Em todos esses casos, o atual chefe do Executivo federal utilizou um mecanismo criado em 2011, durante o governo de Dilma Rousseff (PT): a Lei de Acesso à Informação. A legislação estipula, em seu artigo 31, que pode ser decretada a restrição por no máximo 100 anos — a partir da data de produção — em questões que envolvam “intimidade, honra, vida privada e imagem”.
O artigo da lei foi usado pela Advocacia-Geral da União (AGU) no caso do cartão de vacinação do presidente da República, por exemplo. O presidente diz que não tomou a vacina contra a Covid-19, mas se recusa a apresentar a carteira. Exames de anticorpos feitos pelo presidente também ganharam o sigilo centenário.

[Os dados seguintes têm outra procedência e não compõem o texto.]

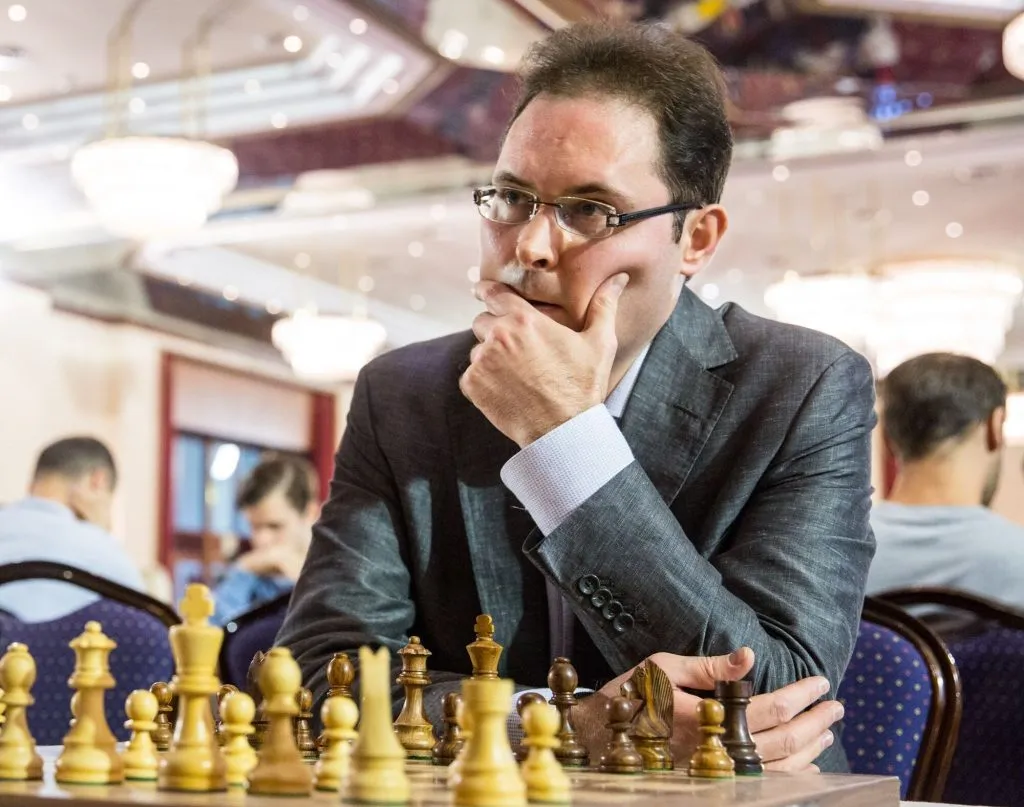 चौथ्या फेरीत अर्जुनचा लेकोशी, तर प्रज्ञानंदाचा सामना दुबोव्हशी Arjun faces Leko, while Praggnanandhaa faces Dubov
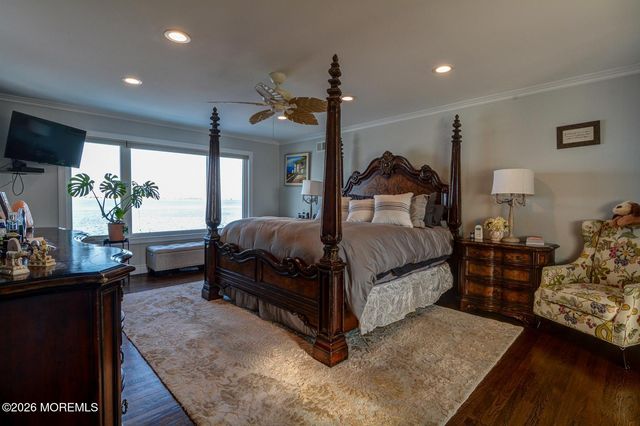 3313 Long Point Drive, Toms River, NJ 08753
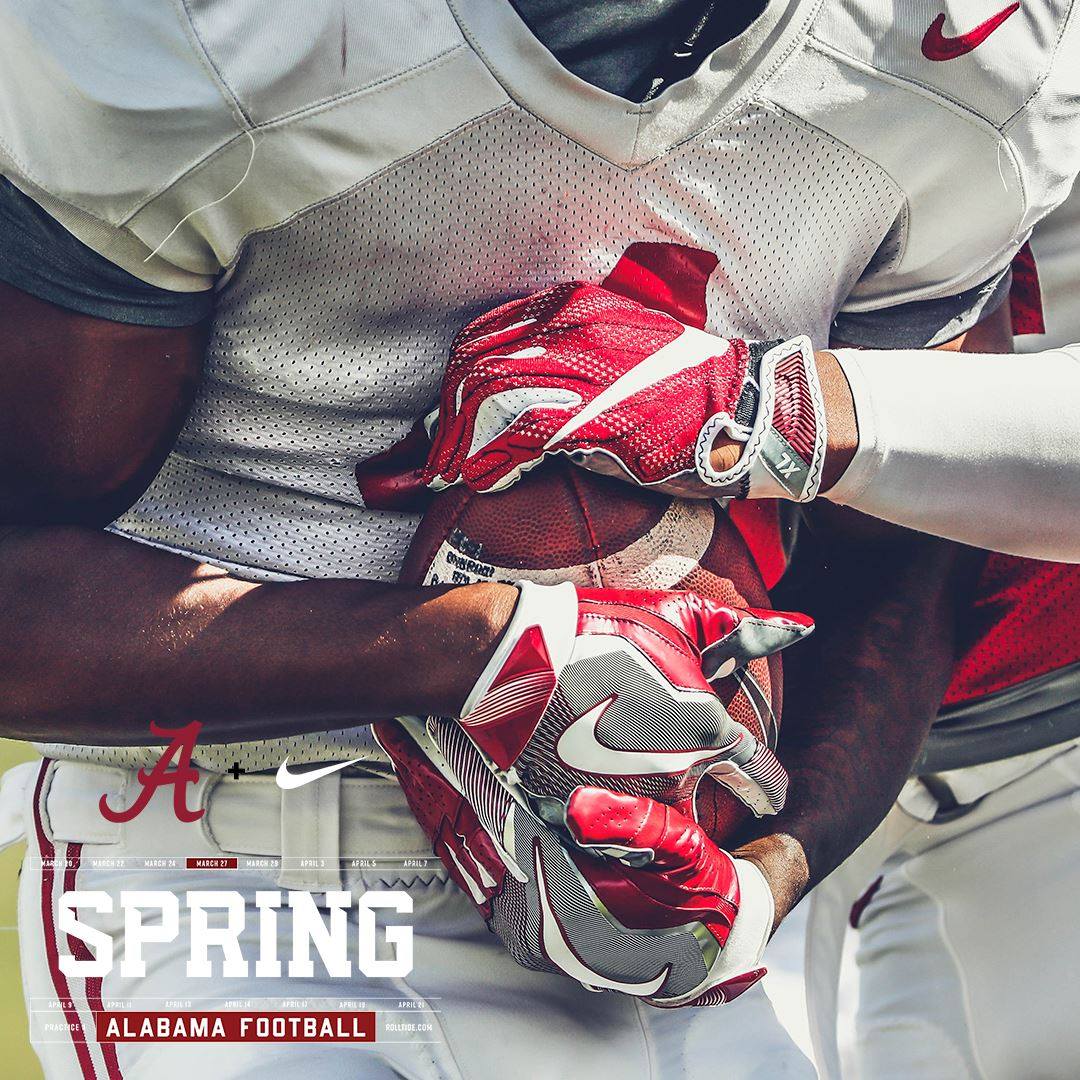 Crimsontide_FC's tweet photo. 1st day in full pads
#OutworkYesterday
#RollTide
@TheAlabamaBand
@AlabamaFTBL
#BuiltByBama 
#RollTide 
@bamasports 
@UA_Athletics
@rolltidebmz
@247Sports.
@BamaGymnastics
@BamaNorCal 
@AlabamaOnScout 
@BamaRollTideNet https://t.co/XuppcDPPcI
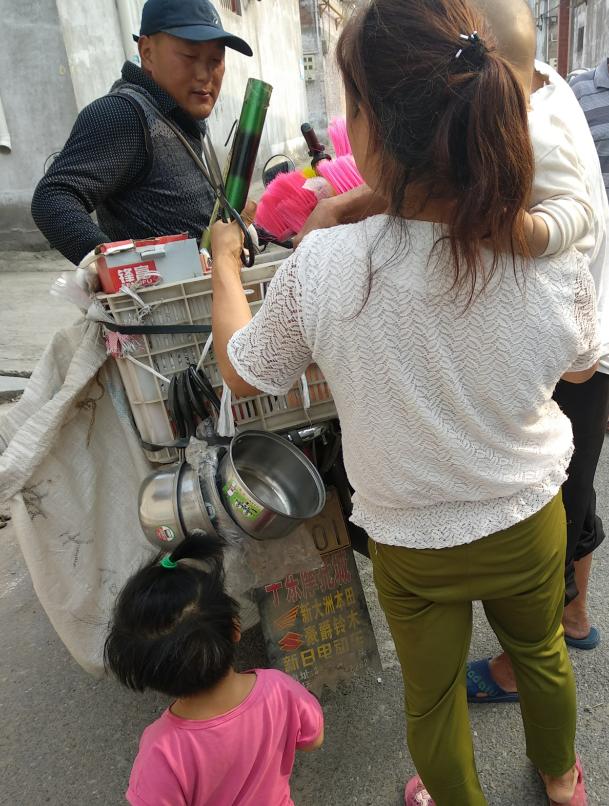 摩托车可以做什么小本生意,开一辆摩托车可以做什么生意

No caso dos pastores-lobistas que atuaram no Ministério da Educação (MEC), o governo também citou a Lei Geral de Proteção de Dados Pessoais (LGPD) e decretou sigilo de 100 anos à lista de encontros feitos pelo presidente com os pastores.
Depois de manifestação da Controladoria-Geral da União (CGU) defendendo a necessidade de se atender ao interesse público, o governo recuou, e o Gabinete de Segurança Institucional (GSI), responsável pelos registros de entrada e saída do Planalto, acabou divulgando os dados.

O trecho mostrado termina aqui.